Saturday, July 21, 2012

The Wikipedia and My Education

At this particular moment, I am deeply depressed that I've amassed eighty-three quarter units of university credit, not county advanced placement courses. My dismay is not due to a  change in majors, nor is it because I have a dismal GPA that I must undo. I'm still at 4.0 (which, for all you little high school flunkies, is the maximum GPA one can have at a university;  we don't have a bogus inflated system).

I'm feeling regretful because just two minutes ago I was blessed with the inspiration of  an ingenious plan. I still can and will  implement my plan, but it would have made a more profound statement had i confined myself to its terms for the duration of my undergraduate university matriculation.
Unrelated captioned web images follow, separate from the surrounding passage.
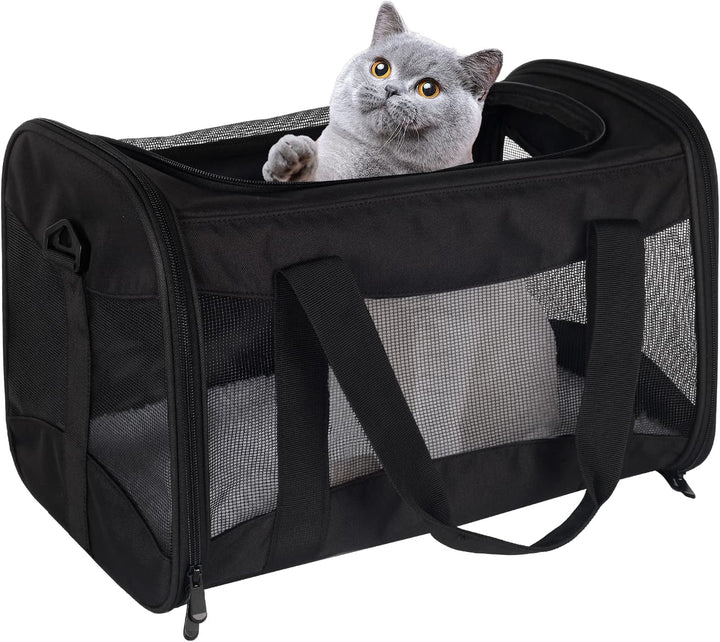 Cat Carrying Case Pet Dog Carrier Soft-Sided Cat Bag Airline Approved, Pet Travel Carrier up to 15 Lbs, Collapsible Cats Carrier Dog Carrier for Medium Small Cats Dogs(17X11X11 Green)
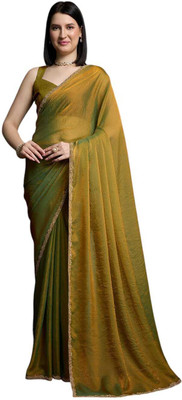 Dhimahi Solid/Plain Bollywood Chiffon Saree(Green)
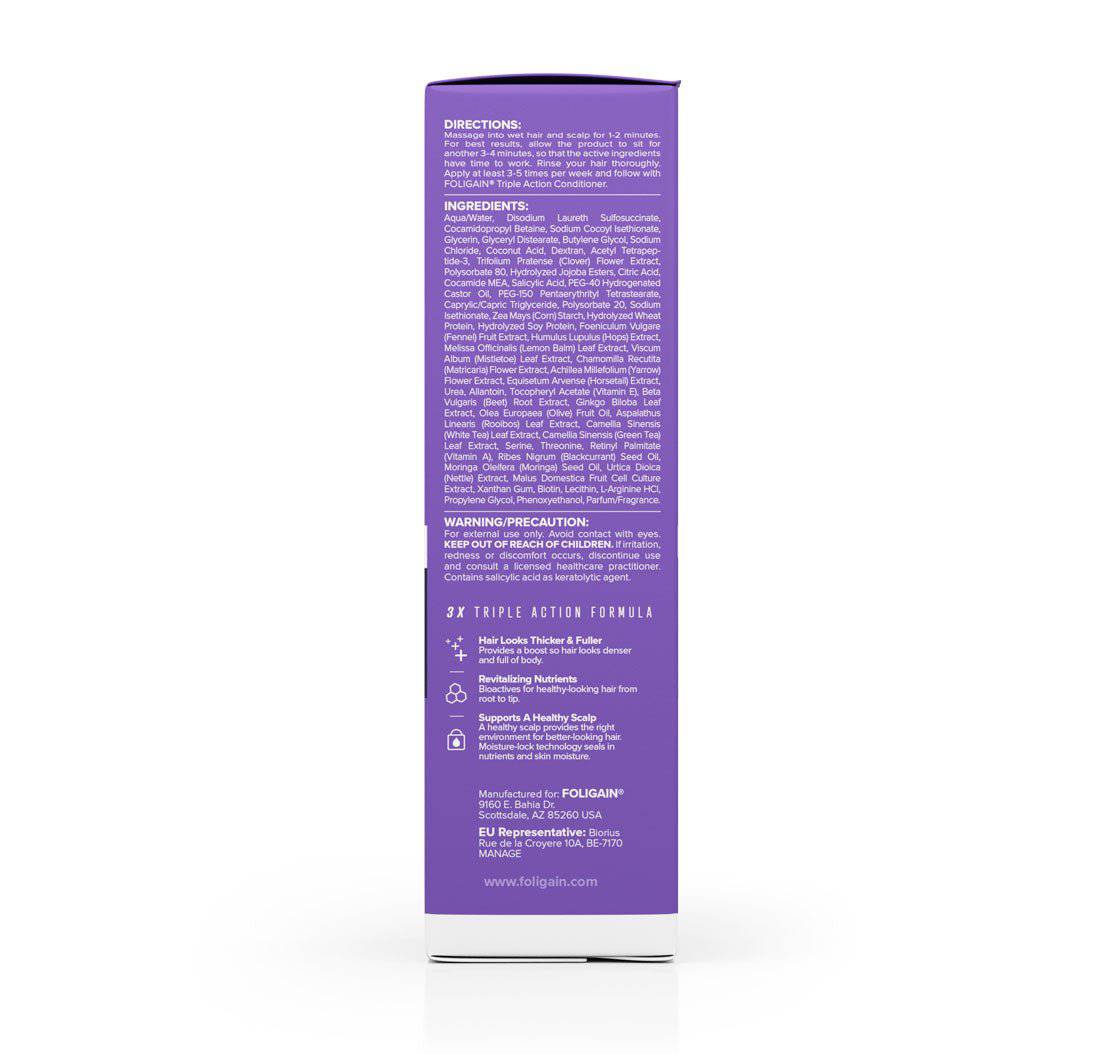 FOLIGAIN Triple Action Shampoing Trioxidil 2% Femme Shampoing Anti-Chute Cheveux Densité Volume Croissance Capillaire - Image 2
My brilliant plan is this: from this point forward, I will use Wikipedia as my sole resource bank for any and all compositions I author. In doing this I will maintain my 4.0 GPA. This is, I concede, more easily said than done. I cannot restrict my list of works cited to Wikipedia, obviously, but I will limit my sources to those listed in Wikipedia's bibliography for my topic or any Wikipedia entry related to my topic. In a worst-case scenario, I may even resort to editing Wikipedia's existing entries to reflect additional sources I must cite.

In making this bold statement, I hereby  challenge the notion that my generation's contribution to the world of research is not a worthy source for scholarly inquiry.


1 comment:

  1. If you did that it would kind of be a public service project. I don't use Wikipedia much. If I need a general idea of something, I use it, but not for the big important stuff. I wish you could report people for updating it with false information. Because that's not really funny for people who are serious about their research.